** DATA FOR PROCESSING follows **
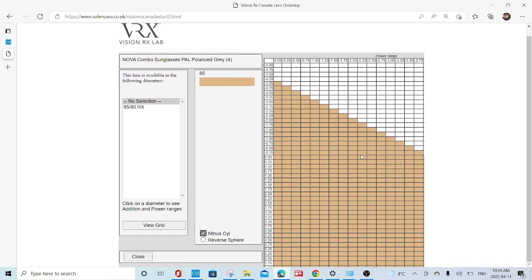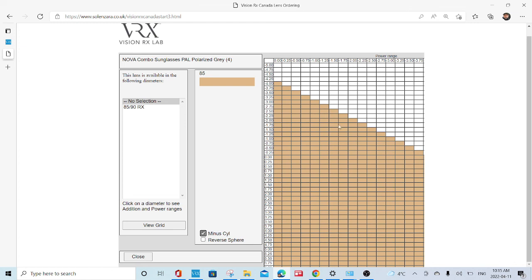So if you think that the RX that you have is on the border of one of these grids, you have to pull up the grid to ensure that it will fit before telling the customer or patient that it will. So I hope that clarifies how to figure out if the RX will fit in a particular combo frame.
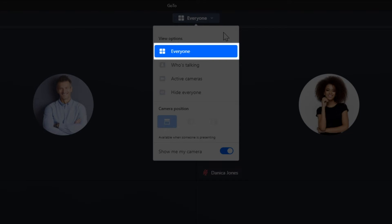Let's start with the everyone option. This option will display everyone in the meeting. You'll see live camera feeds for those who are sharing their webcams and either still images or initials for those who have turned their cameras off.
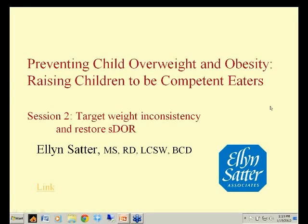Today's topic is child overweight and obesity, so you are in the right place. Last week I defined the eating competence model and built the bridge between eating competence — or lack of it — and child obesity. Today we talk about prevention and treatment.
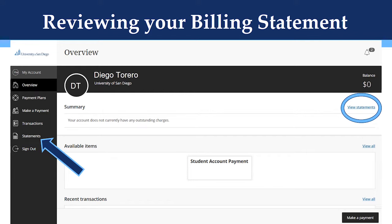To review the billing statement from the main overview page, click on view statements on the top right. You can also access it by clicking on statements on the left side navigation.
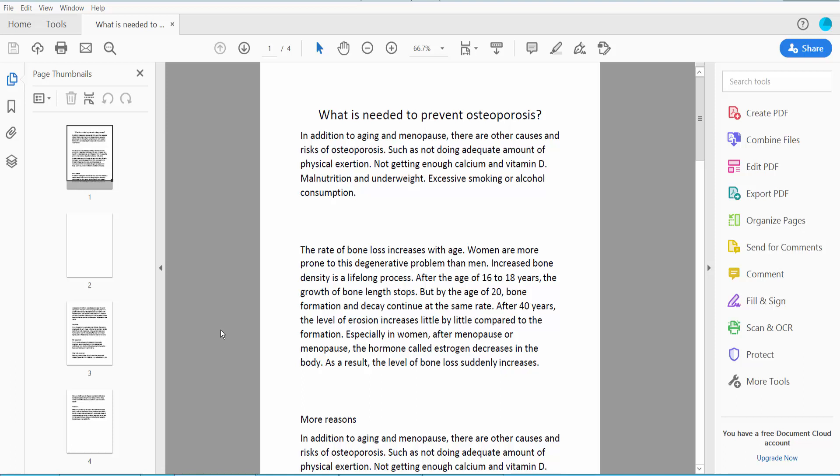Hello everyone, today I will show you how to redact text in a PDF file using Adobe Acrobat Pro DC.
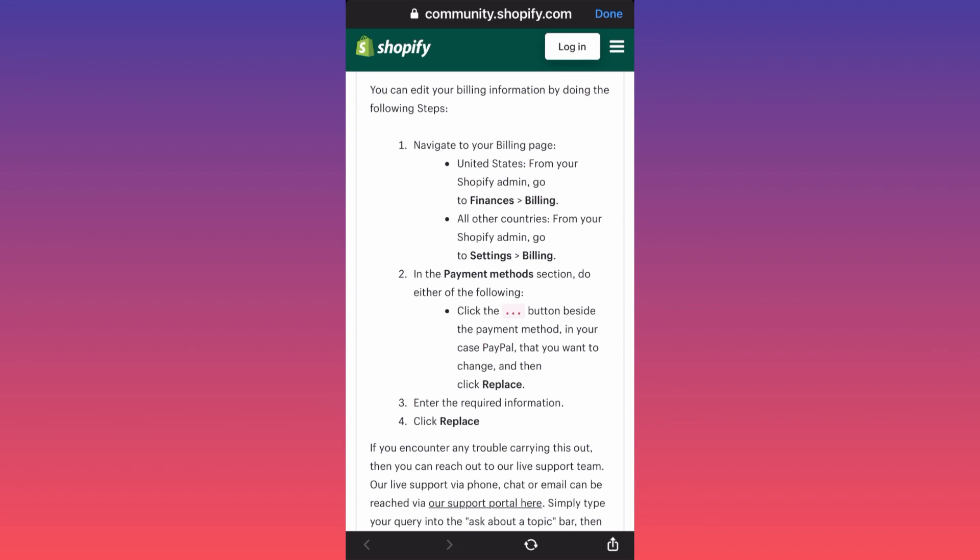By the way, there is a link in the comments under this video where you can sign up for one dollar and try Shopify. If you are from other countries besides the United States,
** End of DATA FOR PROCESSING **
WORK TO BE COMPLETED
Return the material as it stands. Leave out the pictures.

ANSWER TO THIS EXERCISE
So if you think that the RX that you have is on the border of one of these grids, you have to pull up the grid to ensure that it will fit before telling the customer or patient that it will. So I hope that clarifies how to figure out if the RX will fit in a particular combo frame.
Let's start with the everyone option. This option will display everyone in the meeting. You'll see live camera feeds for those who are sharing their webcams and either still images or initials for those who have turned their cameras off.
Today's topic is child overweight and obesity, so you are in the right place. Last week I defined the eating competence model and built the bridge between eating competence — or lack of it — and child obesity. Today we talk about prevention and treatment.
To review the billing statement from the main overview page, click on view statements on the top right. You can also access it by clicking on statements on the left side navigation.
Hello everyone, today I will show you how to redact text in a PDF file using Adobe Acrobat Pro DC.
By the way, there is a link in the comments under this video where you can sign up for one dollar and try Shopify. If you are from other countries besides the United States,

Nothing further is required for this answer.